The script is as follows:

#!/bin/bash

# Change the value to:
# 0 - Health
# 1 - Warning
# 2 - Critical

echo 0 1>&2

The necessary code is the first and last lines. Every line between those two lines is a comment that indicates the warning level values. To change this script to illustrate each of the error conditions, change the first numeral (in this case “0”) to the warning level that you want. The 1 represents standard output, which usually is the console, and 2 represents output to standard error. The code echo 0 1>&2 takes the output to standard output, and redirects it to standard error.

Create a Monitor

This monitor is a check of the MD5 hash value of the script to ensure it is the most up to date version. MD5, also known as Message-Digest algorithm 5, is a widely used hash function that takes an arbitrary block of data and returns a fixed-size bit string or checksum. MD5 is commonly used to check the integrity of files. This monitor targets the Microsoft.SCX.Sample.Application that was previously discovered. The <ParentMonitorID> is defined to create a relationship of this monitor to the system-defined monitor that reports overall System Health. When this monitor reports an error, this status will be reflected in the overall health for that system.

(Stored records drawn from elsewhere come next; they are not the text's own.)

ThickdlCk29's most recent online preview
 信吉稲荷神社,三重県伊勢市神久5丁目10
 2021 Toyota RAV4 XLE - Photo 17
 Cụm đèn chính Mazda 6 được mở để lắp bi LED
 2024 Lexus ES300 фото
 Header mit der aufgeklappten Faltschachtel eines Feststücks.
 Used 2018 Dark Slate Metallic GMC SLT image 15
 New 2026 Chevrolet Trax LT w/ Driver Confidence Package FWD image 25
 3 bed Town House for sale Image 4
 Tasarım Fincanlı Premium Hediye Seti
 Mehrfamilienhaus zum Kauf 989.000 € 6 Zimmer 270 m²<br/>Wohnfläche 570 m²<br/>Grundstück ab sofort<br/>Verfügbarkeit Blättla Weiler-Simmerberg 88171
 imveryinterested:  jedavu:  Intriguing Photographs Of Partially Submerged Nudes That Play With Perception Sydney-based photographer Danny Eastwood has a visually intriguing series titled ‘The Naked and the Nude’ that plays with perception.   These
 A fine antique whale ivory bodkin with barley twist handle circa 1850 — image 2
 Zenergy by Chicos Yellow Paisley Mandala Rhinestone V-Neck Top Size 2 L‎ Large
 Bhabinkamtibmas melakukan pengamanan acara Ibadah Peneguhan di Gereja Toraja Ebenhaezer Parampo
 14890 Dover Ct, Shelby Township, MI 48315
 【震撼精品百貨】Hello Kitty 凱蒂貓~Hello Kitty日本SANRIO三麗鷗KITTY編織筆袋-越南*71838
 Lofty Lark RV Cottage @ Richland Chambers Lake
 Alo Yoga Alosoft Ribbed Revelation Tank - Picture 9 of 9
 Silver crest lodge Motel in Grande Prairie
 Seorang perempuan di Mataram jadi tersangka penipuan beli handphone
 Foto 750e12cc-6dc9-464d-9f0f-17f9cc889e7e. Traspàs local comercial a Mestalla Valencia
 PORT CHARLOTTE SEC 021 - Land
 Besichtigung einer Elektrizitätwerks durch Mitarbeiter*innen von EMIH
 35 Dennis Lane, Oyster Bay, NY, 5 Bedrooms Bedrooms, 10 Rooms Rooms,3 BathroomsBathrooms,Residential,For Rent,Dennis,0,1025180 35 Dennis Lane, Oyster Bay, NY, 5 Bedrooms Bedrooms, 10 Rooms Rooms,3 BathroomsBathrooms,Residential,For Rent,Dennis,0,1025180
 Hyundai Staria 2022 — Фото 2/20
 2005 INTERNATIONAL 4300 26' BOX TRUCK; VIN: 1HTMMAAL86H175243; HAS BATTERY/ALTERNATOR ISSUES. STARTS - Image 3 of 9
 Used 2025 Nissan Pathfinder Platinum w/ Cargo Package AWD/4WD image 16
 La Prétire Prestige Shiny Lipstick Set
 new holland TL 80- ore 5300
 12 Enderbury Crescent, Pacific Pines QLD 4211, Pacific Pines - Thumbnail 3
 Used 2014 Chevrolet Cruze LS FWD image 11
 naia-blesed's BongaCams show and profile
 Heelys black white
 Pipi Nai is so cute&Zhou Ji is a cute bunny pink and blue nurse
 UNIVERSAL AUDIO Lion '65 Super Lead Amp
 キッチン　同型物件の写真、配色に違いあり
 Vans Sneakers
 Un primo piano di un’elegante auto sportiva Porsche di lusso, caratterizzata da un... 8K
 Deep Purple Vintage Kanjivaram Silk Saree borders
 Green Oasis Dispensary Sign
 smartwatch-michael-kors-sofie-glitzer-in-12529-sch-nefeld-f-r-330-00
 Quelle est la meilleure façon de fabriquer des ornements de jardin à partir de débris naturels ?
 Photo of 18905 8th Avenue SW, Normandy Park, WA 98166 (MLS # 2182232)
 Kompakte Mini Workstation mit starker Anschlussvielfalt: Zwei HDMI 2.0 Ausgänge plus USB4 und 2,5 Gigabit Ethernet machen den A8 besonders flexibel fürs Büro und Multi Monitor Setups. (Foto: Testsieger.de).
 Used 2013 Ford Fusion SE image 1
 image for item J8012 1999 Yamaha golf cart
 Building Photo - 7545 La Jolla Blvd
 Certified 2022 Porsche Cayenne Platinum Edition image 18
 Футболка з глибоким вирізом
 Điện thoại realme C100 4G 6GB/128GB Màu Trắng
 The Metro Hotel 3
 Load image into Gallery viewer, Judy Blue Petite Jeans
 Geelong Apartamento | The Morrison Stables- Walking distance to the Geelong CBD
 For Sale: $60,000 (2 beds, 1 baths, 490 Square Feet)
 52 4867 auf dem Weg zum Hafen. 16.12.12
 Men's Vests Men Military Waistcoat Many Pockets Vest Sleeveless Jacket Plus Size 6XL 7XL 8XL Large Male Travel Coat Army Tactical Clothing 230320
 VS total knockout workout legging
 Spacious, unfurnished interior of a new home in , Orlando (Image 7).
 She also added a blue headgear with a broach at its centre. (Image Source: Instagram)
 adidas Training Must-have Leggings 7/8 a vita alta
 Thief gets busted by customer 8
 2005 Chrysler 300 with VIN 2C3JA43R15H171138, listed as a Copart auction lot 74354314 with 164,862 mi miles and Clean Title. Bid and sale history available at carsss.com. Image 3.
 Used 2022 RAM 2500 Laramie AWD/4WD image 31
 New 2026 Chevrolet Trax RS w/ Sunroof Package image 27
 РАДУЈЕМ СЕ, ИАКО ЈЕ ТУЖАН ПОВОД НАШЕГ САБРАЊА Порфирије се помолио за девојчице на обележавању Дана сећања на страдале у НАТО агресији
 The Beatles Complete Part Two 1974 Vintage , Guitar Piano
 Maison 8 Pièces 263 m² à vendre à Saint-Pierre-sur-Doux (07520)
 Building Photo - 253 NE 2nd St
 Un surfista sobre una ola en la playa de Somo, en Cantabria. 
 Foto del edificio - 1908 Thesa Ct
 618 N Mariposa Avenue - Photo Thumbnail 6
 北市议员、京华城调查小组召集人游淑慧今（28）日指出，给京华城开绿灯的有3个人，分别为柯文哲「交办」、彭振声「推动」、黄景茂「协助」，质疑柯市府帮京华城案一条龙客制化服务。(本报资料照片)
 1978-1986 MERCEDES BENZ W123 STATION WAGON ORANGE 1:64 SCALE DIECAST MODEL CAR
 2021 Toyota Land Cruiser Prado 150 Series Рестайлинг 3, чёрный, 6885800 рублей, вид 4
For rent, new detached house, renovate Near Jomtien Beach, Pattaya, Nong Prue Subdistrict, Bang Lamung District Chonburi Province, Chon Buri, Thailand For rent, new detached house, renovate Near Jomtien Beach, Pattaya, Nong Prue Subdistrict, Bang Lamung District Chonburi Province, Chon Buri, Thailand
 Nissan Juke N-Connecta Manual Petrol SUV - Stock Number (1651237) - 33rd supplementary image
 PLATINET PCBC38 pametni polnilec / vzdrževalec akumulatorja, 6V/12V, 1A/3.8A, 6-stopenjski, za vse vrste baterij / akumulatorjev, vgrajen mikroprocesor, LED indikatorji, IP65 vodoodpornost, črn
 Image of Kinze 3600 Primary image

<OperationalStates> defines all the states for this monitor. This monitor has two states, Error and OK. <AlertSettings> describes the attributes for an alert, including which of the defined states will generate an alert. <AlertOnState> defines which of the monitor states produces an alert. When <AutoResolve> is set to true, which indicates that an alert has been triggered, the monitor will initiate corrective action without requiring administrative intervention. The corrective action can be defined in a recovery task with the name of Microsoft.SCX.Authoring.Guide.CheckMd5Script.Recovery. If no recovery task is defined, no action is taken. Information about how to create a recovery task is in the Create a Recovery Task topic.

<AlertSettings> includes an attribute for <AlertMessage>. The <AlertMessage> will be discussed in further detail in the presentation and languages section later in this topic.

Finally, the command that identifies the MD5 hash is defined in <Command>, the hash value for the correct version of the script is defined in <Md5>, and the <Interval> is set to 30 seconds. Every time that the script is modified, the value for Md5 must be updated and a new management pack must be imported into Operations Manager.

   <Monitors>
     <UnitMonitor ID="Microsoft.SCX.Authoring.Guide.CheckMd5Script.Monitor" Accessibility="Public" Enabled="true" Target="Microsoft.SCX.Sample.Application" ParentMonitorID="SystemHealth!System.Health.AvailabilityState" Remotable="true" Priority="Normal" TypeID="Microsoft.SCX.Authoring.Guide.CheckMD5Script.MonitorType" ConfirmDelivery="false">
        <Category>PerformanceHealth</Category>
        <AlertSettings AlertMessage="Microsoft.SCX.Authoring.Guide.CheckMd5Script.AlertMessage">
          <AlertOnState>Error</AlertOnState>
          <AutoResolve>true</AutoResolve>
          <AlertPriority>Normal</AlertPriority>
          <AlertSeverity>Error</AlertSeverity>
          <AlertParameters>
            <AlertParameter1>$Data/Context/Md5$</AlertParameter1>
          </AlertParameters>
        </AlertSettings>
        <OperationalStates>
          <OperationalState ID="Error" MonitorTypeStateID="Error" HealthState="Error" />
          <OperationalState ID="OK" MonitorTypeStateID="OK" HealthState="Success" />
        </OperationalStates>
        <Configuration>
          <TargetSystem>$Target/Host/Property[Type="Unix!Microsoft.Unix.Computer"]/NetworkName$</TargetSystem>
          <Command>md5sum /tmp/SampleAppHealth.sh</Command>
          <Md5>4f00fdbe0f3b89d4046f5d98152a1cf6</Md5>
          <Interval>30</Interval>
        </Configuration>
     </UnitMonitor>
   </Monitors>

In the Microsoft.SCX.Authoring.Guide.xml file, replace the </Monitors> subsection under Monitoring with the preceding XML.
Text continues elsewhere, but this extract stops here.